Lawrence Hopewell Trail photo exhibit on display at library

Geese gliding along the surface of Rosedale Lake. A red-winged blackbird. An allee of trees.

That’s what photographer Susan Jacobsen saw – and captured – on her walks on the Lawrence Hopewell Trail.

The geese, the bird and the trees are among the photographs on display during January at the Lawrence Branch of the Mercer County Library System. The library is located on the corner of Darrah Lane and Brunswick Pike.

The photography exhibit, titled “Trailscapes: The Beauty of the Lawrence Hopewell Trail,” is the first public exhibit of photographs of the trail. It highlights the 22-mile-long bicycle- and pedestrian-friendly trail that spans Lawrence and Hopewell townships

Jacobsen, who is a former Lawrence Township resident and who now lives in Ewing Township, has been walking on the trail with her husband and their dog for many years. She always takes along a camera.

“We go to the dog park (in Mercer Meadows). Every time I go there, it’s different. Even from one day to the next, it looks different,” Jacobsen said.

Jacobsen put together a photo album of some of the photographs that she had taken along the Lawrence Hopewell Trail over time. When she showed it to a friend, he suggested showing it to Eleanor Horne, one of the two co-presidents of the Lawrence Hopewell Trail Corp.

“My friend, Peter Wood, connected me with Eleanor Horne. I can’t believe that no one took photographs of the trail before, but apparently not,” Jacobsen said.

Horne and Becky Taylor, the co-presidents of the Lawrence Hopewell Trail Corp., were elated when they saw Jacobsen’s photographs. They were delighted when Jacobsen’s friend suggested that they could collaborate to mount an exhibit of her works.

“We jumped at the chance. We consider this to be the first of many exhibitions of photographs, paintings and drawings by artists who enjoy the multipurpose trail that connects Lawrence and Hopewell townships,” Horne said.

Jacobsen freely admits that “nature is my religion. I like to be out in nature. The light, the scenery – even from one day to the next, it looks different.”

“I like taking pictures of natural things. I am very wrapped up in trees and how they look,” she said.

Jacobsen has grown into taking “nature” photographs. She said her earlier work was mostly interior photography – portraits of people and other photographs that she set up or staged.

Jacobsen’s interest in photography was sparked when her father gave her a single-lens-reflex camera when she was 19 years old.

“It opened up a whole new world to me. It was very exciting,” she said.

Jacobsen is a self-taught photographer. She majored in rehabilitation at Penn State University, and took one course in photography. In those days, photographers used film.

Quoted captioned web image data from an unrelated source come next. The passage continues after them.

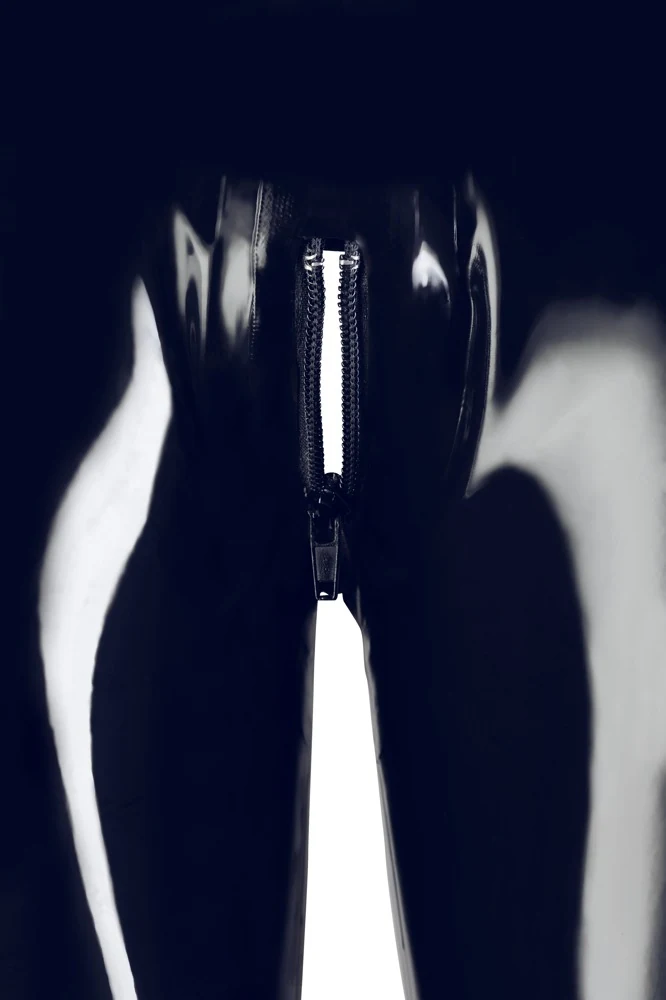 Latex legging met 3-weg rits in het kruis
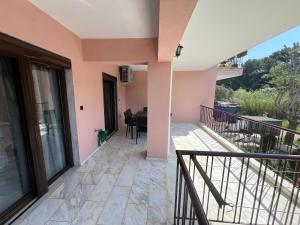 Balcony o terrace sa Luxury Apartment Agia Triada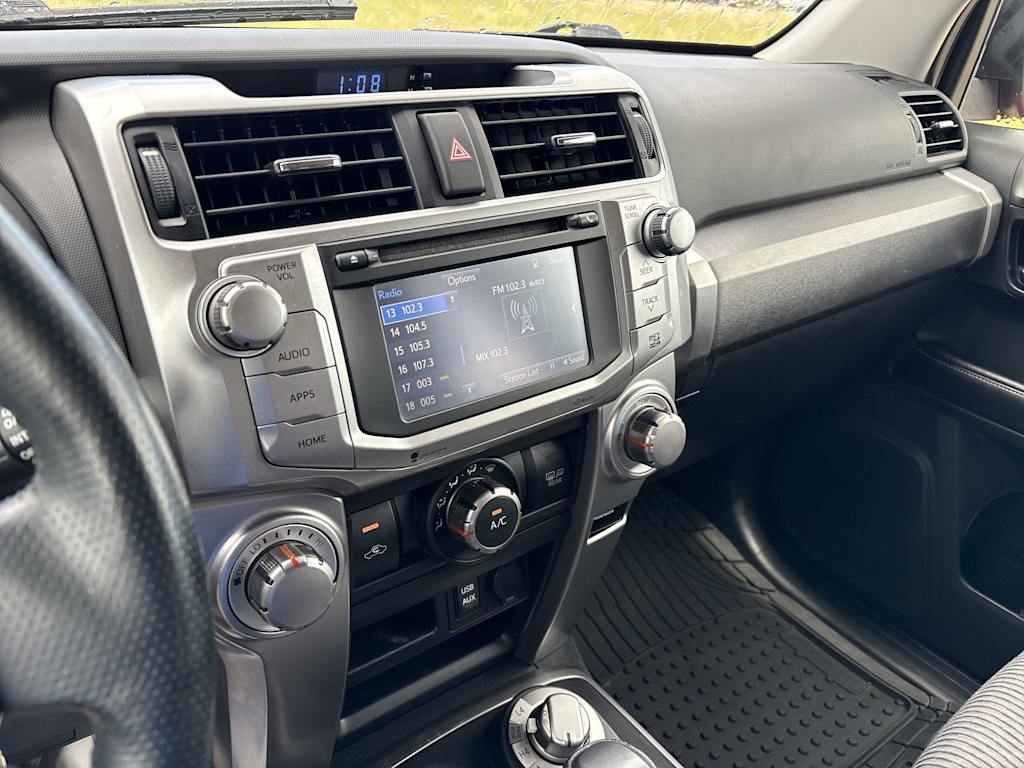 Thumbnail: 2016 Toyota 4Runner - 11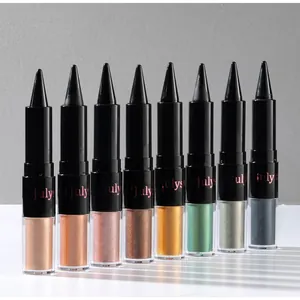 Vue détaillée montrant divers crayons ombre à paupières et eye-liner scintillants.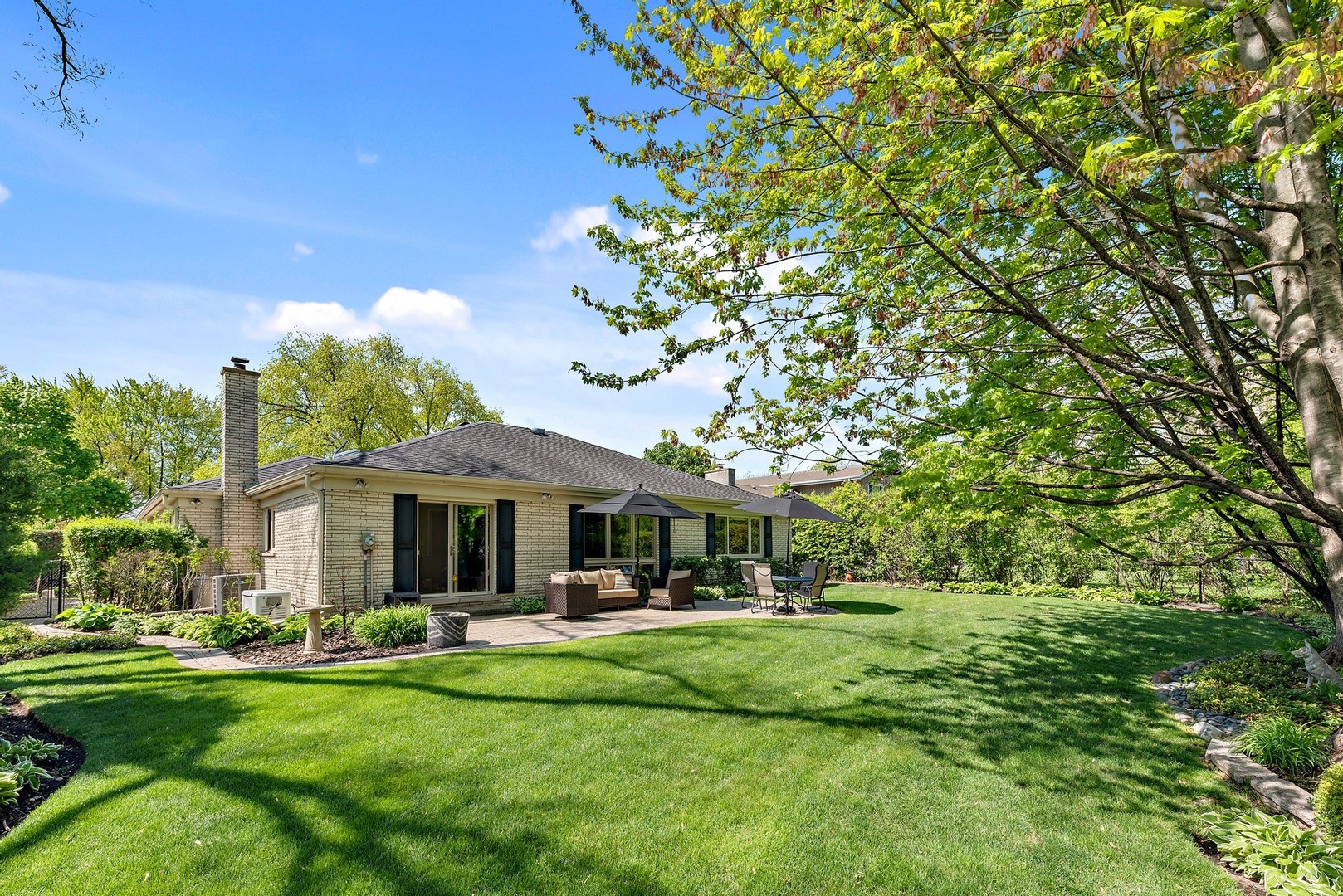 2530 Woodlawn Road Northbrook, IL 60062 - Photo 27 of 37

They used chemicals to develop the film in a darkroom and made prints.

Now, she uses a digital camera, which does not require expensive chemicals and a darkroom – just a computer and some programs.

“I don’t think you can develop an ‘eye’ for photography. As a young girl, I remember being very aware, visually, of what was around me. I just recall being very tuned in to what the environment was like around me,” Jacobsen explained.

As much as she enjoyed it, she was never able to support herself through her photography. Setting up a darkroom and buying chemicals was expensive, so she held a variety of jobs.

For several years, she worked at Demarais Studio on Lawn Park Avenue in the Eldridge Park neighborhood in Lawrence. She also worked for an optometrist at the Lawrence Shopping Center.

“Photography was a hobby,” Jacobsen said.

Jacobsen has exhibited her photographs at The Trenton City Museum at Ellarslie Mansion. Her work has been exhibited at Mercer County photography shows, as well.

Jacobsen encourages people to get out and walk on the Lawrence Hopewell Trail, even if they are not photographers. They should enjoy nature.

“Everyone is on their phones all the time. Notice stuff. Be aware,” she said.

“The Lawrence Hopewell Trail gives you a lot of opportunity to see things, and it changes all the time. It’s the best thing to happen to this part of Mercer County, and it’s available to anybody all the time,” Jacobsen said.